Machine learning models for incremental learning random forest models. Implemented as an R package using Rcpp and C++. Includes versions of an causal random forest that learns incrementally.
This project utilizes incremental machine learning techniques (i.e., online or out-of-core algorithms) to partially fit models given one datapoint at a time. The project leverages code from Amir Saffiri (https://github.com/amirsaffari/online-multiclass-lpboost). This project extends the algorithms by making them available in R via the Rcpp and RcppEigen packages and adds causal versions of the algorithms (see Wager and Athey 2018). This implemntation allows for the models to learn one data point at a time and save the models as lists of parameters for persistence to future sessions in R.
References: Athey, Susan, and Guido W. Imbens. "Identification and inference in nonlinear difference‐in‐differences models." Econometrica 74.2 (2006): 431-497.
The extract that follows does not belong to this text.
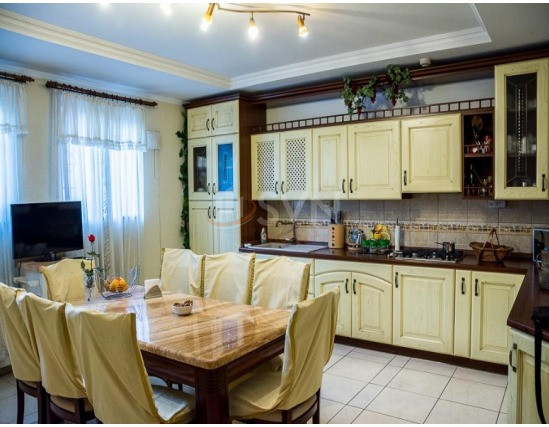 Casa, 11 camere Bucuresti/Unirii (s3)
Athey, Susan, and Guido Imbens. "Recursive partitioning for heterogeneous causal effects." Proceedings of the National Academy of Sciences 113.27 (2016): 7353-7360.
Saffari, Amir, et al. "On-line random forests." 2009 ieee 12th international conference on computer vision workshops, iccv workshops. IEEE, 2009.
Wager, Stefan, and Susan Athey. "Estimation and inference of heterogeneous treatment effects using random forests." Journal of the American Statistical Association 113.523 (2018): 1228-1242.